Work instructions:
Would you transcribe only the lines below, from the one containing "Economic dependency ratio" through the end of the material, exactly and with no pictures?

Provided material:
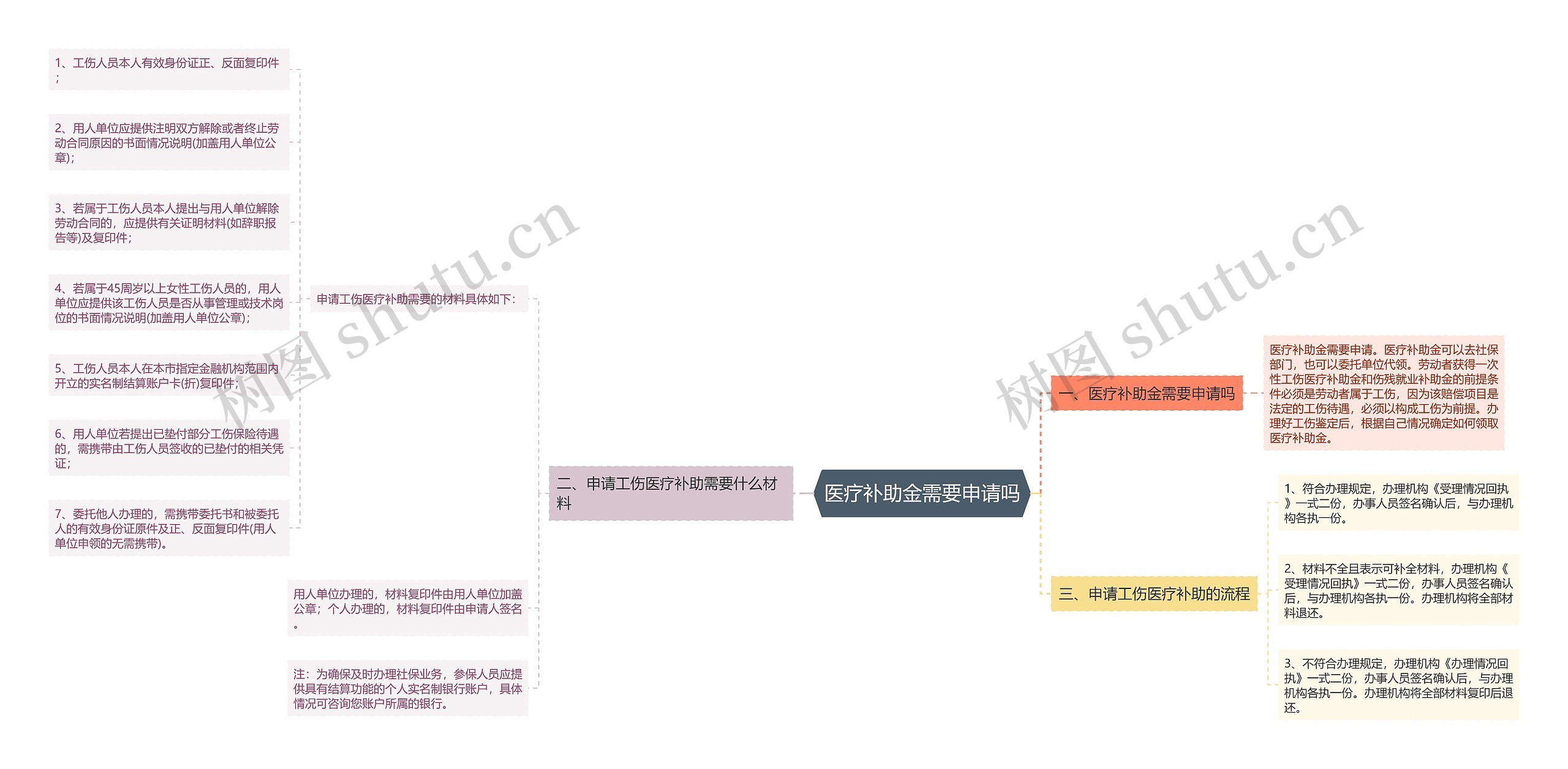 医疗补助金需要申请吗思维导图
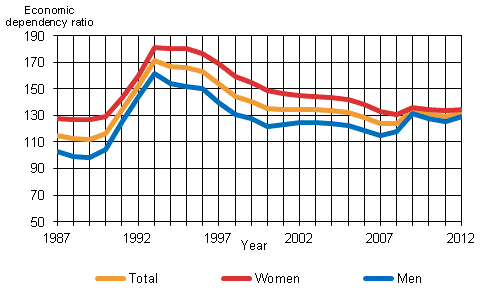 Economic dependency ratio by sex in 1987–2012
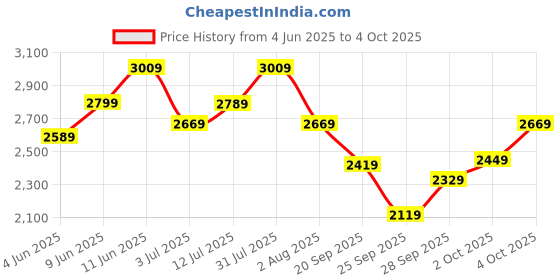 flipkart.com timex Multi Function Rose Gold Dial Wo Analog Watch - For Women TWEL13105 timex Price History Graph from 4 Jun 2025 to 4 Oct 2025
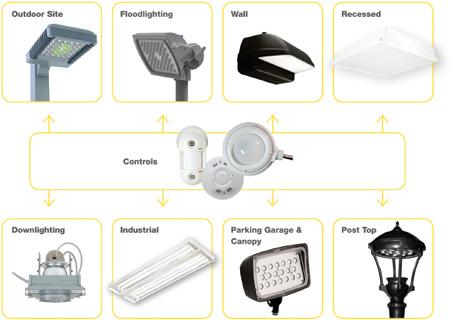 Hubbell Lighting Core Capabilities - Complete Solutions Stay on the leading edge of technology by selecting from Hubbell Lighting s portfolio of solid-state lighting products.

Written reply:
 Economic dependency ratio by sex in 1987–2012
 flipkart.com timex Multi Function Rose Gold Dial Wo Analog Watch - For Women TWEL13105 timex Price History Graph from 4 Jun 2025 to 4 Oct 2025
 Hubbell Lighting Core Capabilities - Complete Solutions Stay on the leading edge of technology by selecting from Hubbell Lighting s portfolio of solid-state lighting products.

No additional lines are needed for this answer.